Reviewed by Sandra Scholes
In the previous volume, Bloodforged, Ulrika had managed to leave the confines of the countess and her gilded minions, and enter a life where she called the shots. Though she feels free, she also feels the hatred toward those like her, and she knows she will forever be watching her back for enemies. While on her travels, she also sees the plight of others, even those who are being burned at the stake and aren’t vampires at all, but believed to be witches. She has the hidden need to go to their aid, but dare not as she might also be killed. She is a fierce fighter when she wants to be, but she is no fool.
One character who spent a lot of time in Bloodforged is Stefan von Kohln, he had warned her of the bloodshed that would befall her former mistress, Gabriella, and every vampire in the empire if she did not act to help prevent it. There has been a great deal of bloodshed already, vampires beheaded, hung on gibbets, entire villages burned to the ground on a mass scale. She sees on her return that Stefan had been right with all he’d said, but even he wasn’t who he seemed to be. The cause of all the deaths is clear, witch hunters and vampire hunters have taken a stand against all that they see as unholy, and for Ulrika her life could not be any more in danger than it is now.
Bloodsworn has a plot that starts fast and just continues to excite the reader with movie style thrills of ritual burnings, encounters in dark alleyways, and saucy brothel talk. The action is unwavering, and the dialogue carries the story on to its final conclusion. Unlike in Bloodforged, when Ulrika returns, she is met with nothing but death and destruction, hoping she can find her mistress and Famke alive, though images of them being decapitated or worse do run through her mind.
The hope that vampires and humans can co-exist isn’t an issue in this last novel in the trilogy, as it isn’t possible due to the threat of the witch hunters and vampire hunters swarming the Empire. Once the reason for the killings is discovered, they realise that they have to kill the Emperor, Karl Franz as it is rumoured he is infected with a strain of deadly pox too. Also, the rumours are mentioned that the pox is being spread by undead seductresses, but there is no real evidence to back this up.
It could be argued that in the last two books a lot has been said about keeping Ulrika a virtual prisoner in the countesses house, yet why did she let her live in the first place if she couldn’t be a free roaming vampire like some of the others. I know the answer is that she is considered too young to be let out into the world, but she has seen so much already, so when she returns to the countess in order to help her in the up coming battle, why would she want to imprison her again when she is so willing to fight for her.

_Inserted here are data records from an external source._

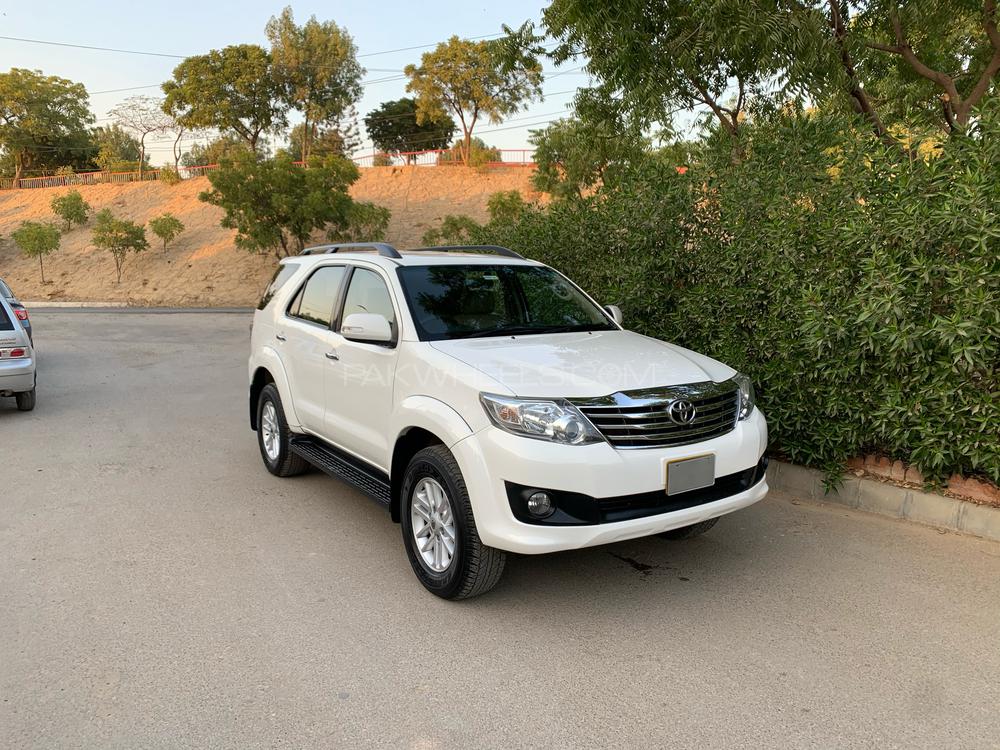 Toyota Fortuner 2015 for Sale in Karachi Image-1
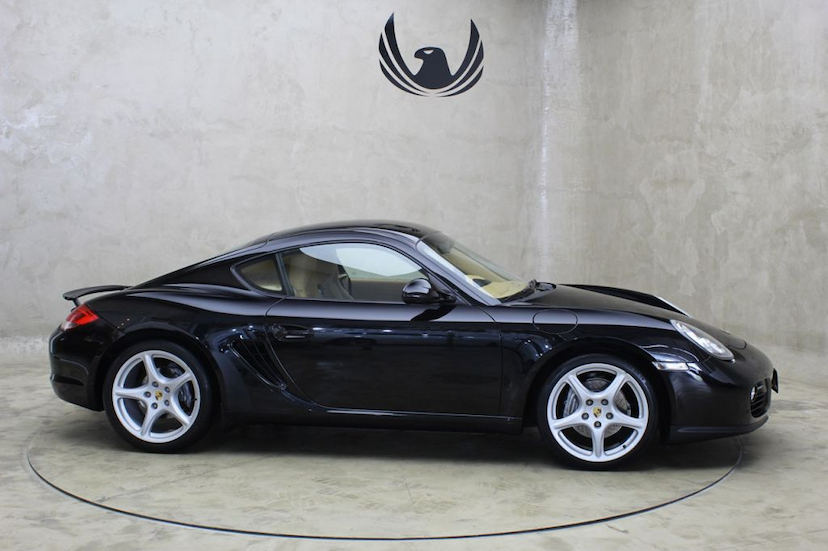 Foto do veículo PORSCHE  CAYMAN 2011 17.690 KM 185.000,00
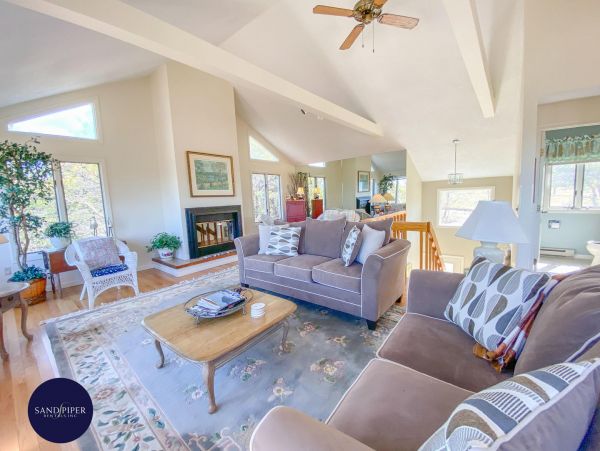 Cape Cod Home 995042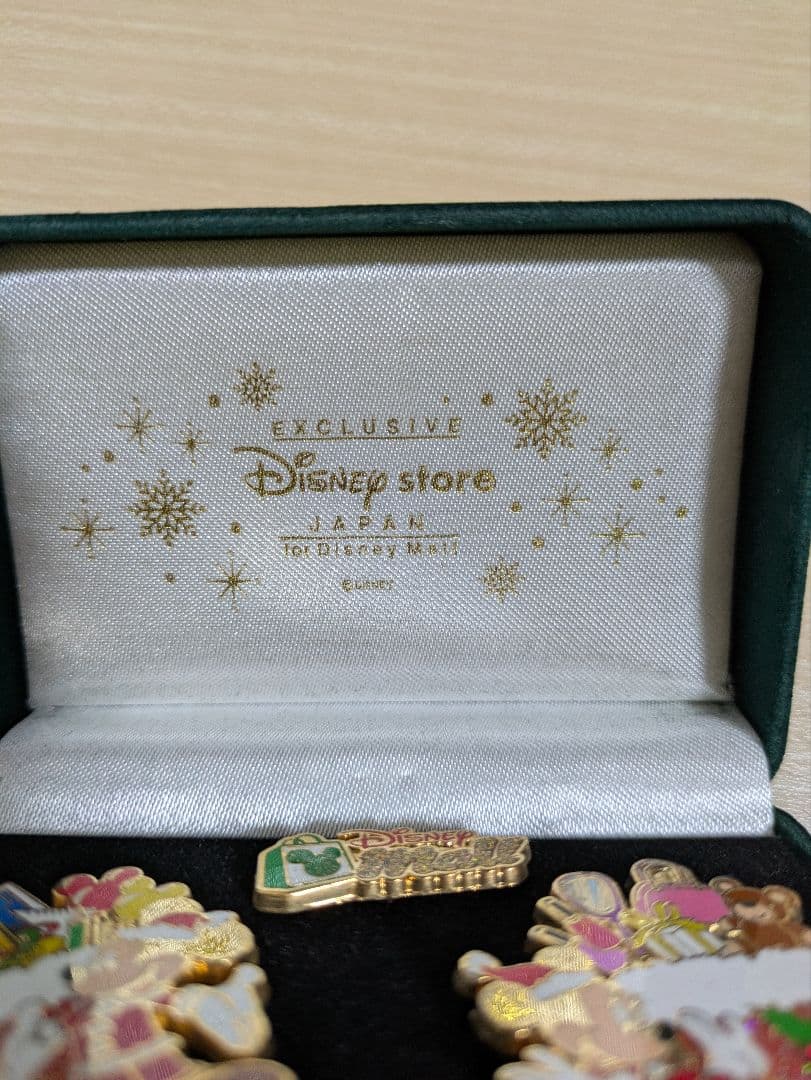 ミッキー＆ミニー ピンバッジセット ディズニーストア　2005年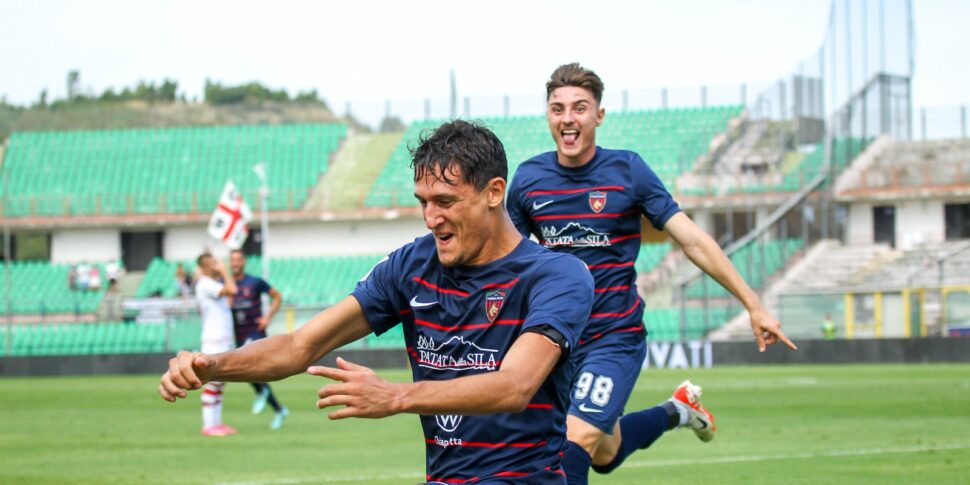 Cosenza chasing the lost victory.  Two months without the taste of the three points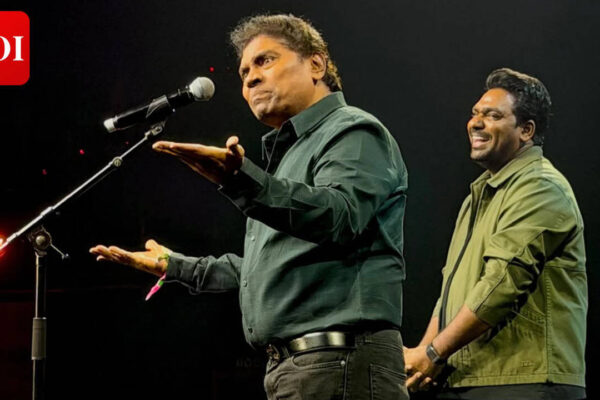 Zakir Khan: 'We all walk the path he paved': Zakir Khan bows to Johnny Lever as comedy legend makes surprise onstage appearance at Mumbai 'Papa Yaar' show | Hindi Movie News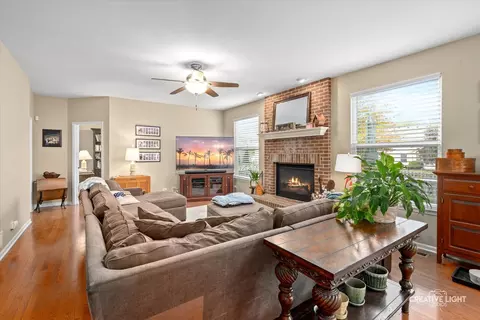 182 Sunflower Ln, Bartlett, IL 60103 photo 6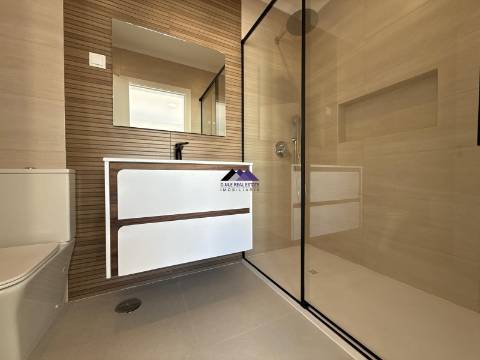 Moradia V3 com Garagem e Piscina a Estrear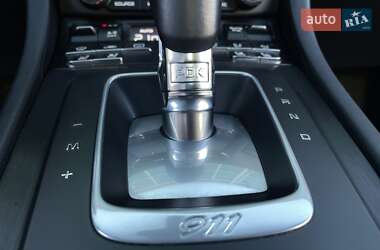 Купе Porsche 911 2017 в 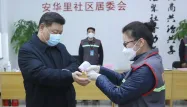Xi Jinping s'est également fait prendre sa température, un geste devenu un rituel pour toute personne entrant dans un lieu public.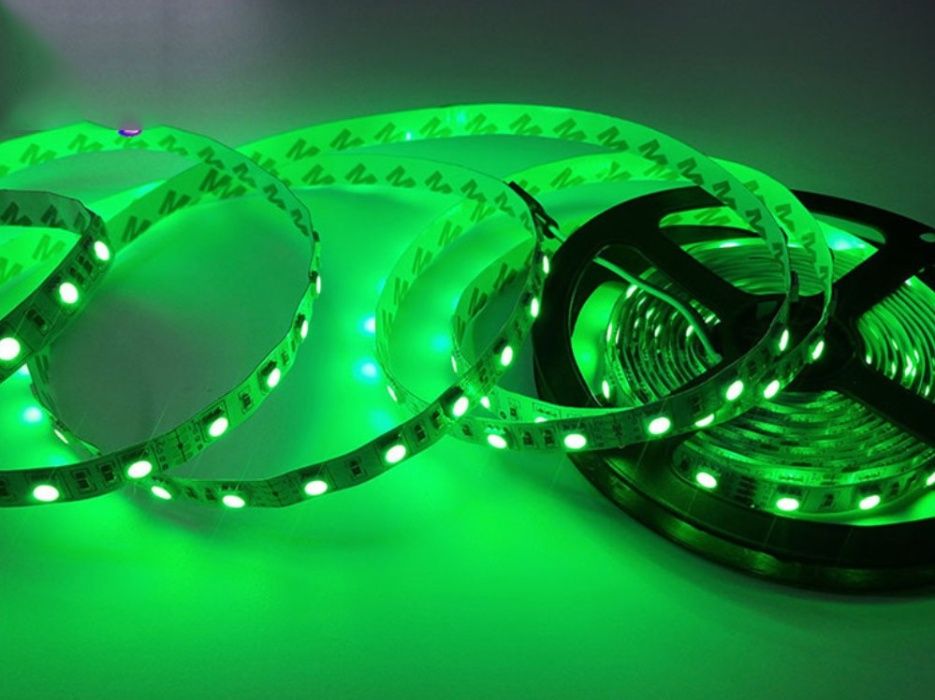 Banda Cu Led Rosie,Albastra,Verde,Alba ,Galbena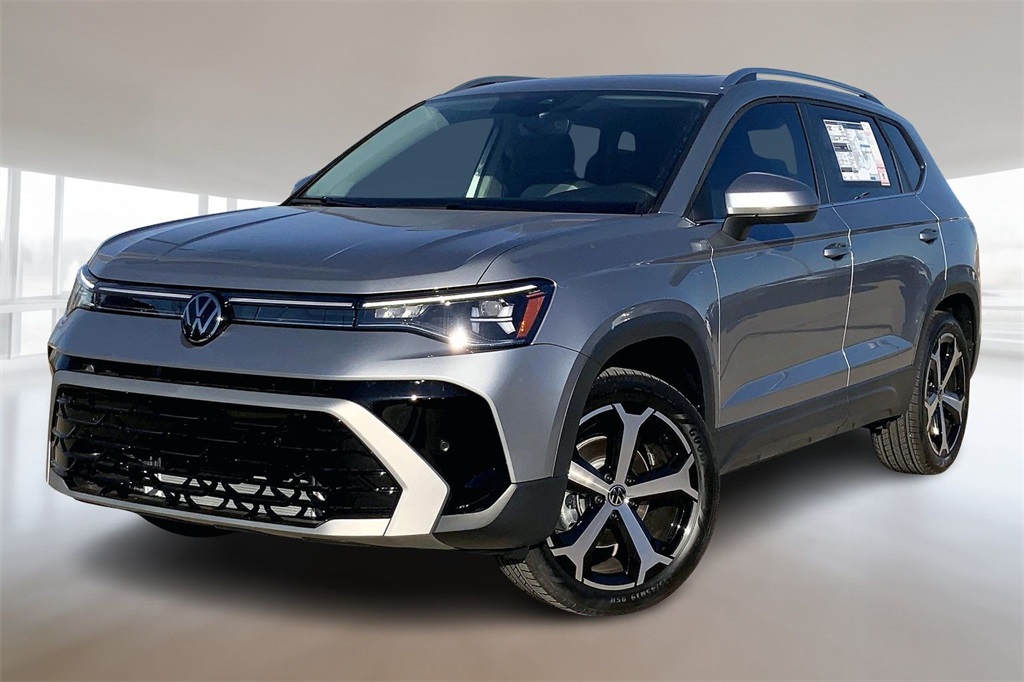 2026 Volkswagen Taos SEL's photo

What readers will come to find is that Ulrika can’t be imprisoned, or kept in a gilded cage as one of the chapters suggests. She is a free woman and needs her space. Despite the countess wanting her head for her betrayal, she is prepared to end the war for them in the hope that vampires can live in a certain state of peace and harmony.
Nathan Long has done the difficult task of stringing together three novels and keeping them as good as the next in the series. This he has accomplished, and unleashed a new style of fantasy horror that is a credit to its genre.